Esquecer o lápis na primeira série foi um grande acontecimento em minha coleção de desequilíbrios ridículos. Eu, ainda rascunho de mim, corri ao banheiro. O lápis era maior do que eu: formiguinha aflita presa pelo ilusório risco de grafite. Mal sabia que toda minha estrutura emocional poderia estar amparada naquele milimétrico cilindro de madeira. E quando percebi que ele não estava mais por lá, o mundo desabou miudinho - grito de formiga - dentro da cabine do banheiro. O lápis, meu Deus, o lápis! Meu demônio tinha apenas 10 centímetros de altura e cabia em um pequeno estojo. A mãe foi chamada às pressas: a menina estava muito branca que nem pôde falar de seu fantasma durante os próximos dez anos.

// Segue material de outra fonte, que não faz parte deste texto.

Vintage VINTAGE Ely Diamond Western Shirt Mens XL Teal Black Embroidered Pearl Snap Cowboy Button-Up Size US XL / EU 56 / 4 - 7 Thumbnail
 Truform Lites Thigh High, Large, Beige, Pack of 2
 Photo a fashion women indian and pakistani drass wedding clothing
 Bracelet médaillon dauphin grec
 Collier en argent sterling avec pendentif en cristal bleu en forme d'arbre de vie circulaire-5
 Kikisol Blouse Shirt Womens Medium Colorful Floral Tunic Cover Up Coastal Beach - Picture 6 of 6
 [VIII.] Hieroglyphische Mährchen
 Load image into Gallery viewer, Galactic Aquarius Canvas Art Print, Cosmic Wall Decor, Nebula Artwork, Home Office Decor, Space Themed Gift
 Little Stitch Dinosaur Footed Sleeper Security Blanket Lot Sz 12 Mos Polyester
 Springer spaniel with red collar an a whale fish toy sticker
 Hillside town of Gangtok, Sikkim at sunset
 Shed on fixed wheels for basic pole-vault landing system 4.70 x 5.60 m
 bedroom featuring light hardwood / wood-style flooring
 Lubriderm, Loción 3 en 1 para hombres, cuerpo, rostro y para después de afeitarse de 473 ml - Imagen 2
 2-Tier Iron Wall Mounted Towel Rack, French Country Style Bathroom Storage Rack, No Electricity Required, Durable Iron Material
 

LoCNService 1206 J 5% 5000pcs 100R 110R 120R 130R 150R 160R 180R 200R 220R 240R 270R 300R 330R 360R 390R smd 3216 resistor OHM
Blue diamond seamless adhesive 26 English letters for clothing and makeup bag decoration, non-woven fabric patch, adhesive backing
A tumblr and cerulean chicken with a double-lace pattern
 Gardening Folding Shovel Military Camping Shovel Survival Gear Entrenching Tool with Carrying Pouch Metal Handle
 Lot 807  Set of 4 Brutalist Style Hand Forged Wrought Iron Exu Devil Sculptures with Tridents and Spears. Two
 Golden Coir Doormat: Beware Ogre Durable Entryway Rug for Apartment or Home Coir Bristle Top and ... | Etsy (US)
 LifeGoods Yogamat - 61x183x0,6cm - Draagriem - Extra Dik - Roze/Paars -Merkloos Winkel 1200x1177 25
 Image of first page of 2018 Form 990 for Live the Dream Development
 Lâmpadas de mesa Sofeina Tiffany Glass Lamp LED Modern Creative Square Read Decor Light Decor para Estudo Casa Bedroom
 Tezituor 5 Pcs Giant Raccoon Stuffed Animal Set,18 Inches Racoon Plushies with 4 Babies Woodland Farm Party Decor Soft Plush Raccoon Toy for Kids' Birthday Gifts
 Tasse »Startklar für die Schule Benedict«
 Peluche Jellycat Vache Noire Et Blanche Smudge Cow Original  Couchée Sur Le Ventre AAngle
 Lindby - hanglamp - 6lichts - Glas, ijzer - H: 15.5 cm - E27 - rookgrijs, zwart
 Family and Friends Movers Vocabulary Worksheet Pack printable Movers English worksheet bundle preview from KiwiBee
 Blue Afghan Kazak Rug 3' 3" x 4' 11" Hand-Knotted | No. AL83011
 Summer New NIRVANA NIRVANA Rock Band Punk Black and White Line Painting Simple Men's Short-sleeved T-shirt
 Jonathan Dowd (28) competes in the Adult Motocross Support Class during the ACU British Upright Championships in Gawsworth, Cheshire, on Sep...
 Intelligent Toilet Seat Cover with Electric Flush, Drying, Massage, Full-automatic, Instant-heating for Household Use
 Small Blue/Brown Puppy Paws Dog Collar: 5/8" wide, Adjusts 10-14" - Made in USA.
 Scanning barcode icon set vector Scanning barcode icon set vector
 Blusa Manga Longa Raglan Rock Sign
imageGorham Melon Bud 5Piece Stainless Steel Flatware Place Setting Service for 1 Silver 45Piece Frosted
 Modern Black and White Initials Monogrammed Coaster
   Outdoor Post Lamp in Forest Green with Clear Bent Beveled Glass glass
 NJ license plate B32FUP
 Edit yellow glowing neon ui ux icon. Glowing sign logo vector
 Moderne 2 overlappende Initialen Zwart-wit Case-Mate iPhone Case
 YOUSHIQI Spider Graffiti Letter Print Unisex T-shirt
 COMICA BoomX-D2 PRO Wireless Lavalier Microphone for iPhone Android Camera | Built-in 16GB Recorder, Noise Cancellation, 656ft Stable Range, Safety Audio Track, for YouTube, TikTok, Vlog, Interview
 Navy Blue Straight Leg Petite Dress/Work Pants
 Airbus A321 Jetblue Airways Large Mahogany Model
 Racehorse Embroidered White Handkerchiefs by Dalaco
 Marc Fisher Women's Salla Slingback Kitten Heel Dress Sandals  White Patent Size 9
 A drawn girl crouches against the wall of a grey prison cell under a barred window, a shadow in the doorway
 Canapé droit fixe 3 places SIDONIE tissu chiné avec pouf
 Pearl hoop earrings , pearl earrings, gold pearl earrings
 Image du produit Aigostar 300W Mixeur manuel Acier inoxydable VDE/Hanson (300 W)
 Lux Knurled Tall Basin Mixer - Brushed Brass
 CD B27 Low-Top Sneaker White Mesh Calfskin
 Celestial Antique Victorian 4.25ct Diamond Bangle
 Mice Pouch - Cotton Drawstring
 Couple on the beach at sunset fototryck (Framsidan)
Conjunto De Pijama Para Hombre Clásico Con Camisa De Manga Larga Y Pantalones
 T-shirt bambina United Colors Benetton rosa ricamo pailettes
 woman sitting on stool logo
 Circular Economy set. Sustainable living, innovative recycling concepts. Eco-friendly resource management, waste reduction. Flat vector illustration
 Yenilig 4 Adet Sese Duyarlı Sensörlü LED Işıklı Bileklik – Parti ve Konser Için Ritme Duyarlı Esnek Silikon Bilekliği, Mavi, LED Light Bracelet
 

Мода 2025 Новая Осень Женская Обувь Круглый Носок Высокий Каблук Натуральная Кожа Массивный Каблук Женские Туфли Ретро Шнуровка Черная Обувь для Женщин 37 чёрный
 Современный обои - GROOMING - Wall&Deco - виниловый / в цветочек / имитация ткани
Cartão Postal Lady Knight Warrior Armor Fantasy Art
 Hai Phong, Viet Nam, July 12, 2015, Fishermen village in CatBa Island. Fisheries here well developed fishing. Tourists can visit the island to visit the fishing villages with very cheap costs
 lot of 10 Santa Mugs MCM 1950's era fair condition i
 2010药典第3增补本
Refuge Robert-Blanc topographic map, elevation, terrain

Lembro também de minha mãe, de vestido verde, fechando a porta do carro vermelho, no dia em que ela me deixou. “Me deixou” dormir na casa da amiga, é claro. Mas, tratando-se da visão de uma trágica, de qualquer forma, me deixou e isso já se configurava mais um pequeno apocalipse existencial. Dormi lambendo as lágrimas do rosto: era triste e bonito aquilo de ela verde desaparecendo naquele vermelho. De vez em quando, minhas tragédias atingem dimensões estéticas: uma mis en cène da tristeza.

E assim, como em um melodrama de quinta categoria, fui ardendo em tudo: na ausência de um lápis ou em um vestido verde que some dentro de um carro vermelho. Hoje mesmo tive dó de mim enquanto comia sozinha um cachorro quente na padaria ao lado. Uma mulher de 29 anos que come um cachorro quente já me parece pateticamente triste. Uma mulher de 29 anos que come um cachorro quente sozinha enquanto lê Fernando Pessoa é de beirar o inconsolável. Colocar um pouco de mostarda e de catchup a cada mordida foi meu cuidado estético com a cena de meu drama particular. Hoje, minha tragédia coube em um pedaço de salsicha.